DATA RECORDS
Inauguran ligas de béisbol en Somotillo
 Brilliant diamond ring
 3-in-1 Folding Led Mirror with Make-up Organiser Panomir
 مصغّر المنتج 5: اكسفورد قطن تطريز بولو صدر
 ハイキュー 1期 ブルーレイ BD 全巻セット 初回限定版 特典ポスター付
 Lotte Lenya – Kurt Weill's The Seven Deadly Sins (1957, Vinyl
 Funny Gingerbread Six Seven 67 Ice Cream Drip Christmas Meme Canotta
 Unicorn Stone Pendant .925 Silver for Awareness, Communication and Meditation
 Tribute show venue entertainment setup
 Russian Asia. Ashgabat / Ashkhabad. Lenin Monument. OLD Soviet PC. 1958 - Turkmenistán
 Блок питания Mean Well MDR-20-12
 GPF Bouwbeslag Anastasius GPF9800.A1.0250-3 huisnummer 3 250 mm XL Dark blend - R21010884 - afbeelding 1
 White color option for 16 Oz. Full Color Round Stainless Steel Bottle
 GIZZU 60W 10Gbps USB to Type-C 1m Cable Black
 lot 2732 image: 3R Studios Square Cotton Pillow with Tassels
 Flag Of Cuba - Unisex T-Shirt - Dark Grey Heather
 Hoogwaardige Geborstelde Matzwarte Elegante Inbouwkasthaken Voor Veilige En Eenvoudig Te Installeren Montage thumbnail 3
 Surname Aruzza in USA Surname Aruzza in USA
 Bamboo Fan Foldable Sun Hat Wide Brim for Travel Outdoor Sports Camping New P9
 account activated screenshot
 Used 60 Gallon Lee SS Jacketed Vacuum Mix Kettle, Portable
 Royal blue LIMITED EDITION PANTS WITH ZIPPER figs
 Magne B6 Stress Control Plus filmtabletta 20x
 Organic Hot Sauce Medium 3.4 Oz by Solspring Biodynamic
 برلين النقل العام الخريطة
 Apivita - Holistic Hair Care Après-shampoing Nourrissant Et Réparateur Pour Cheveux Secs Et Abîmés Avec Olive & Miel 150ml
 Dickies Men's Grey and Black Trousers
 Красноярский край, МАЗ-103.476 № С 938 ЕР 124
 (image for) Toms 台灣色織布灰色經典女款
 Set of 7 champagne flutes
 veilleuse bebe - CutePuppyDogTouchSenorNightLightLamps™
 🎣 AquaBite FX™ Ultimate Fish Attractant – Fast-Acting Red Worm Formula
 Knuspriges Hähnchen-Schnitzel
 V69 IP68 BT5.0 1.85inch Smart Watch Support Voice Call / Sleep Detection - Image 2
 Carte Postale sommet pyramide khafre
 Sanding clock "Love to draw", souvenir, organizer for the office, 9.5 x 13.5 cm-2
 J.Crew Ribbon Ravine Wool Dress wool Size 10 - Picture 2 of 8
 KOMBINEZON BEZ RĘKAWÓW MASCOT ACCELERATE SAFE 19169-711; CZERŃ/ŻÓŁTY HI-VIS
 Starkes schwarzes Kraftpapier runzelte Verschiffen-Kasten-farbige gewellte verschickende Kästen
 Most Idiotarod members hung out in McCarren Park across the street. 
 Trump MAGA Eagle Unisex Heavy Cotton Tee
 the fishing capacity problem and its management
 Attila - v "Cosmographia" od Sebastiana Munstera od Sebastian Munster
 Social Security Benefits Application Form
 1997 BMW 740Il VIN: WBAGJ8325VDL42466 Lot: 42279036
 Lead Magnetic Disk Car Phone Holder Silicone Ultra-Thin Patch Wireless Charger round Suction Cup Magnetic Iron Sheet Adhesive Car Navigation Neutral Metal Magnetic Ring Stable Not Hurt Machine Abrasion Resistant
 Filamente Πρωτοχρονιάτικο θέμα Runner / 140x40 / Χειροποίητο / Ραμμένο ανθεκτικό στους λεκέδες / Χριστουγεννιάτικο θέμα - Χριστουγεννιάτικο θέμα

DIRECTIONS FOR THIS TASK
Reproduce the whole of the records exactly, so that no line differs from the source above.

ANSWER TO THIS TASK
Inauguran ligas de béisbol en Somotillo
 Brilliant diamond ring
 3-in-1 Folding Led Mirror with Make-up Organiser Panomir
 مصغّر المنتج 5: اكسفورد قطن تطريز بولو صدر
 ハイキュー 1期 ブルーレイ BD 全巻セット 初回限定版 特典ポスター付
 Lotte Lenya – Kurt Weill's The Seven Deadly Sins (1957, Vinyl
 Funny Gingerbread Six Seven 67 Ice Cream Drip Christmas Meme Canotta
 Unicorn Stone Pendant .925 Silver for Awareness, Communication and Meditation
 Tribute show venue entertainment setup
 Russian Asia. Ashgabat / Ashkhabad. Lenin Monument. OLD Soviet PC. 1958 - Turkmenistán
 Блок питания Mean Well MDR-20-12
 GPF Bouwbeslag Anastasius GPF9800.A1.0250-3 huisnummer 3 250 mm XL Dark blend - R21010884 - afbeelding 1
 White color option for 16 Oz. Full Color Round Stainless Steel Bottle
 GIZZU 60W 10Gbps USB to Type-C 1m Cable Black
 lot 2732 image: 3R Studios Square Cotton Pillow with Tassels
 Flag Of Cuba - Unisex T-Shirt - Dark Grey Heather
 Hoogwaardige Geborstelde Matzwarte Elegante Inbouwkasthaken Voor Veilige En Eenvoudig Te Installeren Montage thumbnail 3
 Surname Aruzza in USA Surname Aruzza in USA
 Bamboo Fan Foldable Sun Hat Wide Brim for Travel Outdoor Sports Camping New P9
 account activated screenshot
 Used 60 Gallon Lee SS Jacketed Vacuum Mix Kettle, Portable
 Royal blue LIMITED EDITION PANTS WITH ZIPPER figs
 Magne B6 Stress Control Plus filmtabletta 20x
 Organic Hot Sauce Medium 3.4 Oz by Solspring Biodynamic
 برلين النقل العام الخريطة
 Apivita - Holistic Hair Care Après-shampoing Nourrissant Et Réparateur Pour Cheveux Secs Et Abîmés Avec Olive & Miel 150ml
 Dickies Men's Grey and Black Trousers
 Красноярский край, МАЗ-103.476 № С 938 ЕР 124
 (image for) Toms 台灣色織布灰色經典女款
 Set of 7 champagne flutes
 veilleuse bebe - CutePuppyDogTouchSenorNightLightLamps™
 🎣 AquaBite FX™ Ultimate Fish Attractant – Fast-Acting Red Worm Formula
 Knuspriges Hähnchen-Schnitzel
 V69 IP68 BT5.0 1.85inch Smart Watch Support Voice Call / Sleep Detection - Image 2
 Carte Postale sommet pyramide khafre
 Sanding clock "Love to draw", souvenir, organizer for the office, 9.5 x 13.5 cm-2
 J.Crew Ribbon Ravine Wool Dress wool Size 10 - Picture 2 of 8
 KOMBINEZON BEZ RĘKAWÓW MASCOT ACCELERATE SAFE 19169-711; CZERŃ/ŻÓŁTY HI-VIS
 Starkes schwarzes Kraftpapier runzelte Verschiffen-Kasten-farbige gewellte verschickende Kästen
 Most Idiotarod members hung out in McCarren Park across the street. 
 Trump MAGA Eagle Unisex Heavy Cotton Tee
 the fishing capacity problem and its management
 Attila - v "Cosmographia" od Sebastiana Munstera od Sebastian Munster
 Social Security Benefits Application Form
 1997 BMW 740Il VIN: WBAGJ8325VDL42466 Lot: 42279036
 Lead Magnetic Disk Car Phone Holder Silicone Ultra-Thin Patch Wireless Charger round Suction Cup Magnetic Iron Sheet Adhesive Car Navigation Neutral Metal Magnetic Ring Stable Not Hurt Machine Abrasion Resistant
 Filamente Πρωτοχρονιάτικο θέμα Runner / 140x40 / Χειροποίητο / Ραμμένο ανθεκτικό στους λεκέδες / Χριστουγεννιάτικο θέμα - Χριστουγεννιάτικο θέμα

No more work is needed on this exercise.